I am doing a Monte Carlo sampling from the null hypothesis in order to estimate a p-value of my data. Normally I would do, say, 1000 Monte Carlo runs, count the number of runs where I get values of my statistic at least as extreme (let's say 3), and report a p-value of p=0.003. However, in this particular case all Monte Carlo runs are very far away from my actual value, so I am pretty confident that the p-value is many orders of magnitude smaller than 0.001.
Can I do the following: calculate the mean $F_0$ and standard deviation $\sigma$ across the values of statistic obtained with Monte Carlo runs; normalize the deviation of my actual statistic $F$ (calculated with the real data) by computing a z-score $z=(F-F_0)/\sigma$; report the z-score as the measure of how extreme my data are? Note that I am getting extreme values (like z=40), so I would like to adopt the language of high energy physics and report that my statistic is "40 sigmas away from expected under the null hypothesis" instead of converting z=40 to an astronomically small p-value (a standard software like Matlab would simply give p=0 in this case).

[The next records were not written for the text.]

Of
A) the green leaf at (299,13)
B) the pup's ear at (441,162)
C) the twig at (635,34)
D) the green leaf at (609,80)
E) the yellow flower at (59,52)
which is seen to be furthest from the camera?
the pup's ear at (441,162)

I guess this only makes sense if one can assume that the null statistic distribution is Gaussian. Looking at my 1000 Monte Carlo runs, the histogram does look pretty much Gaussian, but I am not sure it will withstand a formal normality test.
What is the common practice in such cases? Is there one?

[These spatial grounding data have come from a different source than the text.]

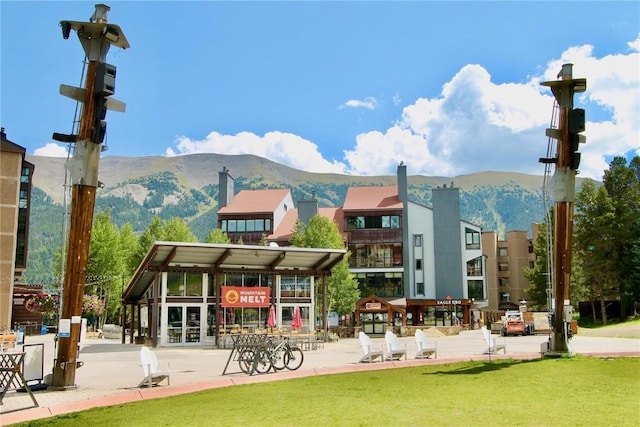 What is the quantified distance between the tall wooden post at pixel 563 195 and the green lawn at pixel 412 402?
13.1 ft

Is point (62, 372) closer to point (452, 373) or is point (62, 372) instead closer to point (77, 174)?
point (77, 174)

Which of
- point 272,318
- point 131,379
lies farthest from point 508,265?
point 131,379

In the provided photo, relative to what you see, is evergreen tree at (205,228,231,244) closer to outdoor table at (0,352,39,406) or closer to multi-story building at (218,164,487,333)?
multi-story building at (218,164,487,333)

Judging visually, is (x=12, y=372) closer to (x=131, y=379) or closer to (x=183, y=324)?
(x=131, y=379)

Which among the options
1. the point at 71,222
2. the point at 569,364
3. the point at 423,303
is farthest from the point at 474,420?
the point at 423,303

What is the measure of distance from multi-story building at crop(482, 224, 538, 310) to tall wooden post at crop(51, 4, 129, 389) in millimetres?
81398

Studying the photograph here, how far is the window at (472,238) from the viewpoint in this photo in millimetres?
62031

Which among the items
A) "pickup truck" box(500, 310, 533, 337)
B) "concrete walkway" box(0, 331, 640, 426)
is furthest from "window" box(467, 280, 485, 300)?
"concrete walkway" box(0, 331, 640, 426)

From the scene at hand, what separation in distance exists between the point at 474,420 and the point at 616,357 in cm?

Update. Whuber gave a useful reference in the comments; it seems that the appropriate search terms are "rare events" and "importance sampling". I googled for that and briefly looked through a couple of papers. I am still very confused why nobody even discusses the method I suggested above. If this procedure is inappropriate because one should not rely on the normality assumption, then I don't understand why it is considered OK to rely on it when doing e.g. a t-test. Here is an example. LHC people measure their Higgs statistic, calculate standard error and report that the results are 5 sigmas away from the no-Higgs value. This is fine. But my procedure as outlined above is allegedly not fine. What is the important difference then?